Антон живо нагнулся собрать удочки, но ловкость изменила ему и чем больше он старался их спарить, тем упрямее они распяливались крестом. Брат взял на себя доставку удочек домой, и мальчик освобожденно кинулся бежать, размахивая тяжелым куканом. Но, отбежав недалеко, придержал свой полет, обернулся, крикнул:
— Смотри! Я запомню! — и побежал еще прытче…
Деревня была на виду. Матвей неторопливо шел по безлюдной дороге. Истово грело уже высокое солнце, но казалось, и в слабых токах пахучего ветра, и в распевах жаворонка над открытым полем слышится не совсем ушедшее утро — тот свежий, счастливый час, которым одарили Матвея Коржики в канун расставанья.
Дорога делает последний изгиб перед тем, как влиться в деревенскую улицу, и в стороне от изгиба, на склоне бугра, Матвей видит кузницу.
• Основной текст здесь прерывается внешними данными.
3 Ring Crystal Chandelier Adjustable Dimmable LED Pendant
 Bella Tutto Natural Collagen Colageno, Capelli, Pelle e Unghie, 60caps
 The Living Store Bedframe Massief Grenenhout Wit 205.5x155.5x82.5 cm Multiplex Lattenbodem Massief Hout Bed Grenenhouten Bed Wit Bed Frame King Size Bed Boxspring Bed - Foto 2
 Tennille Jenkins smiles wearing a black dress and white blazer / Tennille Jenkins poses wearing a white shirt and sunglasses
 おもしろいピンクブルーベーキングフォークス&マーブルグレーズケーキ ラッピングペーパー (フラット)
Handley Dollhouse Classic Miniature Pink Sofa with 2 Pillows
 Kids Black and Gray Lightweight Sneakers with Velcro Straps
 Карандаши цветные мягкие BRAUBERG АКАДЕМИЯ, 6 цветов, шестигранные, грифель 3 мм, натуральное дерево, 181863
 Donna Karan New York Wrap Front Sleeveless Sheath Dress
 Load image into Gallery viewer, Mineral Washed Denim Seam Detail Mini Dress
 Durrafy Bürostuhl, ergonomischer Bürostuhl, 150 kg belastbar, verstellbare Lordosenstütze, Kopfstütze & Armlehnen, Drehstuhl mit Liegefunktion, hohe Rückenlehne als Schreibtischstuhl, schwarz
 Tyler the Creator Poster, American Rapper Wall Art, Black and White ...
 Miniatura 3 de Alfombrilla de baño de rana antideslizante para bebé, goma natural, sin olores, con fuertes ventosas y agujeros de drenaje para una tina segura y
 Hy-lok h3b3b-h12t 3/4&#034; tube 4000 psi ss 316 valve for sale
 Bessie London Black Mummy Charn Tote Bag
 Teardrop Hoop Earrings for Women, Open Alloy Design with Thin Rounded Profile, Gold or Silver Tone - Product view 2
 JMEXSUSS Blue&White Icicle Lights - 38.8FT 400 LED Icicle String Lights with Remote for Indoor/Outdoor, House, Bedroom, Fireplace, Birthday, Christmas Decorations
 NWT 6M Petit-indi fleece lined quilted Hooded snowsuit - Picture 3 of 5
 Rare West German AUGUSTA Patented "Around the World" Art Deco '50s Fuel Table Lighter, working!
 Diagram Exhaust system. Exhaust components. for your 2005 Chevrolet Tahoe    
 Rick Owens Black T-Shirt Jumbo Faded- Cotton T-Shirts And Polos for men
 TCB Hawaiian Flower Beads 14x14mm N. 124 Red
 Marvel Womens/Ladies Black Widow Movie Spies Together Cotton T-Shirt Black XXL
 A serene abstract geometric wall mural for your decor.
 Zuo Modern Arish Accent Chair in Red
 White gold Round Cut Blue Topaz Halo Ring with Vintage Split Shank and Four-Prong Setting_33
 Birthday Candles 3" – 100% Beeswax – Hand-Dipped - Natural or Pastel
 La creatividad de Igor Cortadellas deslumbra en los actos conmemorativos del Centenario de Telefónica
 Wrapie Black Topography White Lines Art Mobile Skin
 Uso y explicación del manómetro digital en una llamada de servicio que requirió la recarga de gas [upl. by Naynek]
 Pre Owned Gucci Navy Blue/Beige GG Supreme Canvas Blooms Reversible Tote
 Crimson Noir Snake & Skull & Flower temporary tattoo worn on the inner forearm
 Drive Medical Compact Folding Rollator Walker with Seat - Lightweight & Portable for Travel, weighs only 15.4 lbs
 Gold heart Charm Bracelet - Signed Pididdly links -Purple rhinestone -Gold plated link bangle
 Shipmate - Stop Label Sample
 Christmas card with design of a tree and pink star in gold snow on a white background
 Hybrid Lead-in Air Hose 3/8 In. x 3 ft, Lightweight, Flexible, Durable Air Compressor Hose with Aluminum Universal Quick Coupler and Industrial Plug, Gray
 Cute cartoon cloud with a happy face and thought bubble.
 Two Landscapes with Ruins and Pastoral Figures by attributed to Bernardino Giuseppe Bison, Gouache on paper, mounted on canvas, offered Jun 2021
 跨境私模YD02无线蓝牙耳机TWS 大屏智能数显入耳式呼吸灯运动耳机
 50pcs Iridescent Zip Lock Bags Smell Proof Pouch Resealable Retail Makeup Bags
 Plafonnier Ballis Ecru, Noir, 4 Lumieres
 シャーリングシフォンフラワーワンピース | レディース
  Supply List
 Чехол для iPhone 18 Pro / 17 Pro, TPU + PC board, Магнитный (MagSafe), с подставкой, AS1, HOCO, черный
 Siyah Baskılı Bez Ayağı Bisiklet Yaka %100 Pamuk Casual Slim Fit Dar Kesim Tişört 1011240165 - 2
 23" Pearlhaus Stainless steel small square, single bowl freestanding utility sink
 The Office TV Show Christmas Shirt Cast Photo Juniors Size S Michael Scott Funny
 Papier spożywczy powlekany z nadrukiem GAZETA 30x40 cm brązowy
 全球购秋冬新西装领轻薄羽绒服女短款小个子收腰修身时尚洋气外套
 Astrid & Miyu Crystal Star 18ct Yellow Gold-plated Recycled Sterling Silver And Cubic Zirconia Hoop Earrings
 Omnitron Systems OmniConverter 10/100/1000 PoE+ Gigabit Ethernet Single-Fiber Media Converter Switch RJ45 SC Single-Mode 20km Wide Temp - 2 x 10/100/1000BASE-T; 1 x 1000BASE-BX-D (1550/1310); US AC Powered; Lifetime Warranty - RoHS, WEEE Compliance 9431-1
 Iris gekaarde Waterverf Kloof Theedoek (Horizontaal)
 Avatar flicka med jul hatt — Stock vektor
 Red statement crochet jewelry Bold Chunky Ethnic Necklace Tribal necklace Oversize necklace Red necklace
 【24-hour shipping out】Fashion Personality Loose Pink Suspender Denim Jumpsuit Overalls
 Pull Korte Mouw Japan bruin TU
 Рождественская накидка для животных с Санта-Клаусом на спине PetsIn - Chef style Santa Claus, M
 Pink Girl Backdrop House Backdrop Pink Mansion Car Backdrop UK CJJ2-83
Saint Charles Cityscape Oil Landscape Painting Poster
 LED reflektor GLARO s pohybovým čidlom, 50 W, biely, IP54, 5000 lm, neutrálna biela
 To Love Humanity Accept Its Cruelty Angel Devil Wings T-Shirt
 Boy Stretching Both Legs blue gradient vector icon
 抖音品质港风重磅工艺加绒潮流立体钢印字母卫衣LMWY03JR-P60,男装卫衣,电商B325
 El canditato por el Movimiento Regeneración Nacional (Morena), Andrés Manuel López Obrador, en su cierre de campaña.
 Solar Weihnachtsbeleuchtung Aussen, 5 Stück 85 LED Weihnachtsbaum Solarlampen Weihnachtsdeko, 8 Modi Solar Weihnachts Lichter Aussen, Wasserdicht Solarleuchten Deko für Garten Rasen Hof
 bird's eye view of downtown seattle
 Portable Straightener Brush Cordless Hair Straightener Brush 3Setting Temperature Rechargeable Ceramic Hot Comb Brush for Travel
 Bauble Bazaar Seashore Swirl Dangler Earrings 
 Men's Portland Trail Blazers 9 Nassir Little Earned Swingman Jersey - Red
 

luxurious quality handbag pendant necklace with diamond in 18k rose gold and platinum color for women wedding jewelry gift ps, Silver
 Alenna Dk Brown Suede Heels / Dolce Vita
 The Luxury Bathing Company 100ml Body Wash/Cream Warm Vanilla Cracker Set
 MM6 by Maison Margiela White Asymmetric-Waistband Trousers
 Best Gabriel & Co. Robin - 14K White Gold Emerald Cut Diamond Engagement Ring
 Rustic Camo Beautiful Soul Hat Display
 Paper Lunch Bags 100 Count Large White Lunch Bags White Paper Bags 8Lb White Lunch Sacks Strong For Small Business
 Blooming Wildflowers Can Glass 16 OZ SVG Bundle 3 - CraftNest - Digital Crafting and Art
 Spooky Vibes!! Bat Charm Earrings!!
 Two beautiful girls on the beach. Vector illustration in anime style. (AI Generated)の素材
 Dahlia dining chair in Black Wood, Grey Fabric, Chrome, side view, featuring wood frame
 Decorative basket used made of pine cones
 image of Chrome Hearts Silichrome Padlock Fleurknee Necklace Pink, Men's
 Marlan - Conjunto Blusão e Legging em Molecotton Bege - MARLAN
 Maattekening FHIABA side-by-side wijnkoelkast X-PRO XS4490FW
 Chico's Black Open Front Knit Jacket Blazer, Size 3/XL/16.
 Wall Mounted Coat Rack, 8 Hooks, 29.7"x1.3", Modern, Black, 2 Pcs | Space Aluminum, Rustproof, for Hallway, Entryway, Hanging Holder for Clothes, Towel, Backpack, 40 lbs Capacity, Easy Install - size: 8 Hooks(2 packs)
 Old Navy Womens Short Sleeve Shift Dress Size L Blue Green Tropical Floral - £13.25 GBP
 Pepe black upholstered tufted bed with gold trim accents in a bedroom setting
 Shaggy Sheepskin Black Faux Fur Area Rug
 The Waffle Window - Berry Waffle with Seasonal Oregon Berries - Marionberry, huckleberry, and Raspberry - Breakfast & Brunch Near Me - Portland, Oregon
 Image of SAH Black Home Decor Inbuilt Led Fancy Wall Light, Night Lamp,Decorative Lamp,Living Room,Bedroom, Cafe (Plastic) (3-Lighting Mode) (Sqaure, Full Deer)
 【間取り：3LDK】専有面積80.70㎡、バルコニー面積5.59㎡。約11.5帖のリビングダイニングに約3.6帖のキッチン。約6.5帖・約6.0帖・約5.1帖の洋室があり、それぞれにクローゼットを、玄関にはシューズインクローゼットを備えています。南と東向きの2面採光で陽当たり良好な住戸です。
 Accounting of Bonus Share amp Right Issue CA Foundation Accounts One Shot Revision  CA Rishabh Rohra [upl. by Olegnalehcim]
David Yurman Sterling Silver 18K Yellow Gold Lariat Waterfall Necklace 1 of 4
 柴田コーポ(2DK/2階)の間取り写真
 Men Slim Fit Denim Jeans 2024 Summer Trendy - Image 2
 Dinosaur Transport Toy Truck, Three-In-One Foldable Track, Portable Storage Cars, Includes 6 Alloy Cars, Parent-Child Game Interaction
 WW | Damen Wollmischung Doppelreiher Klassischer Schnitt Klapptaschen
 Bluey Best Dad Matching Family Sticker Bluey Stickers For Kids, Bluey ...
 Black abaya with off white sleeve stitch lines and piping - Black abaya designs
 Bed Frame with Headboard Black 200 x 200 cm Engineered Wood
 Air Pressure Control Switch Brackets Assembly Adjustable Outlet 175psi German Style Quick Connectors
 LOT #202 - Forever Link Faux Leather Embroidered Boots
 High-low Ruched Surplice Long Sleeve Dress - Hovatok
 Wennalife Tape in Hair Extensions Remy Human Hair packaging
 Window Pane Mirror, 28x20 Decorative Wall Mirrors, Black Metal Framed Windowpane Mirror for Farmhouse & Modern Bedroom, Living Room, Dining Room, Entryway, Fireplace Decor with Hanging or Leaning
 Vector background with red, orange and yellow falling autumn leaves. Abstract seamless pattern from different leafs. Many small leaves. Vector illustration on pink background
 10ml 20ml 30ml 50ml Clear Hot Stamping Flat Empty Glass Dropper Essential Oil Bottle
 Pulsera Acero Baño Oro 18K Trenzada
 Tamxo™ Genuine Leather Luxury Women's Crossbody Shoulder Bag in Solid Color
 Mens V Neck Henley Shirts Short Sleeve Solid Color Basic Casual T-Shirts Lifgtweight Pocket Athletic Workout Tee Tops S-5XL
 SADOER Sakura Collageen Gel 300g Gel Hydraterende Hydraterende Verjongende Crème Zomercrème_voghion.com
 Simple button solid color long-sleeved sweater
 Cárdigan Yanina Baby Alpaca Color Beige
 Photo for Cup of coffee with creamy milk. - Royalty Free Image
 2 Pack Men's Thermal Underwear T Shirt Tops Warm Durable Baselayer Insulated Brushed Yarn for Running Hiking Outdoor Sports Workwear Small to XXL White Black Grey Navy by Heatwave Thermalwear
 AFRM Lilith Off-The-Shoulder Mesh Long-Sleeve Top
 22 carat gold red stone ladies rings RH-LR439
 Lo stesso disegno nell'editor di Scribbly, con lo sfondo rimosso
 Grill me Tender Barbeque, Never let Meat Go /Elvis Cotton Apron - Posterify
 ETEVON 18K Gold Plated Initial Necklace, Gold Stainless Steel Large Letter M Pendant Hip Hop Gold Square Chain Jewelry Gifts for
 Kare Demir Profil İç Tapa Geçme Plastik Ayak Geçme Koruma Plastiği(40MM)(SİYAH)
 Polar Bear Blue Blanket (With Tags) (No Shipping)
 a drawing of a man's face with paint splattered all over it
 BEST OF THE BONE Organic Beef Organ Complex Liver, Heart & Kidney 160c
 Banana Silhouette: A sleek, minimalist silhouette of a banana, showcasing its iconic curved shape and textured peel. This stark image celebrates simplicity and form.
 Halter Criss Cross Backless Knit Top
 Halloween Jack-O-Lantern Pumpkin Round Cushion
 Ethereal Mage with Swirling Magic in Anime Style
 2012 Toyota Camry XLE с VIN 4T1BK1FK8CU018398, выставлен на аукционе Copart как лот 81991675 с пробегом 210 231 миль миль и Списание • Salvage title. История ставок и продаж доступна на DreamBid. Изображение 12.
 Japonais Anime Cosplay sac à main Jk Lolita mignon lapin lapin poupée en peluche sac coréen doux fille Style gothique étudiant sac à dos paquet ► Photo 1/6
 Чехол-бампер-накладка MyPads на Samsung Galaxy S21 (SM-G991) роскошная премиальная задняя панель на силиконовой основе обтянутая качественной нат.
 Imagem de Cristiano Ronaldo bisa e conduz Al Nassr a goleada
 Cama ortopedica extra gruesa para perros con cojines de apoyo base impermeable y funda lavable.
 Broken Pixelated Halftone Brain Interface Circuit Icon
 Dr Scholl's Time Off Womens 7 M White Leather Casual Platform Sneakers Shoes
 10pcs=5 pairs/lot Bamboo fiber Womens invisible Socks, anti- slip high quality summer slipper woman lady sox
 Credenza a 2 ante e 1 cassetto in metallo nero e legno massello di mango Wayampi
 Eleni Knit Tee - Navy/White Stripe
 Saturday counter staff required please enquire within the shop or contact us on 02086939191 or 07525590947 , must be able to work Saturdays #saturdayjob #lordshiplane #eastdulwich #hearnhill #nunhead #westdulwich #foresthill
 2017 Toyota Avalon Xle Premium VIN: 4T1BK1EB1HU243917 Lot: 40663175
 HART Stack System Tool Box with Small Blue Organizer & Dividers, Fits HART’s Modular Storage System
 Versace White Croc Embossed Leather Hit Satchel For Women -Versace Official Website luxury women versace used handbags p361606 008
Он замедляет шаг, потом мгновение стоит на месте и вот решительно сворачивает; поднимается по склону.
Обнятая бурьяном, кузница кажется наполовину провалившейся в землю. Кусты отцветшей черемухи дотянулись до крыши. Елка вымахала выше трубы, разложив свои лапы по кровле. Дверь накрест заколочена длинными бурыми тесинами. Откуда взялись кусты, откуда елка? Занесло с ветром, посеялось, принялось, как принимается, живет жизнь даже на голых скалах.
Матвей раздвигает сухое былье, перемешанное с молодой крапивой, отыскивает щель между створом двери и косяком, заглядывает внутрь. Из угла солнечный луч бьет через рассевшиеся пазы бревен, режет лезвием земляной пол. Мусор ворохом высится перед горном. Под шатром горна куча щебня, на ней два-три прокопченных цельных кирпича.
Плохо видно место, где стояла наковальня. Матвей выискивает другую щелку в двери, но, когда припадает к ней глазом, видит словно чудом подвешенный в воздухе, вырванный из тьмы солнцем, серебристый круг паутины.
Не на что смотреть, да ведь и незачем смотреть на доживающую век развалину. Скоро, очень скоро ее покроет земля. Матвей отходит от кузницы, почти сбегает вниз, на дорогу, и вот длинный, ровный порядок улицы открывается его взгляду.
Женщина в темном платье идет навстречу. Частый шаг ее скор, она спешит. Но, приближаясь, будто сбивается с ноги. Можно разглядеть ее лицо. Оно бледно и как будто чересчур узко, обведенное платком. Странно, что в жаркий день на женщине такой плотный, наверно зимний, платок. Она все больше медлит. Видны ее глаза — круглые, светлые, немного выпяченные из черных окружий ресниц. Они одни живут, а впалые щеки, губы стынут в холоде одинаковой желтизны. Лоб, скулы, подбородок туго обтянуты краями платка, и треугольник лица напоминает убранных к отпеванию покойниц. Матвей отводит взгляд, когда женщина вот-вот должна сравняться с ним. Что ему до встречных прохожих?
— Никак, Веригин? — слышит он негромкий, но полный и певучий голос.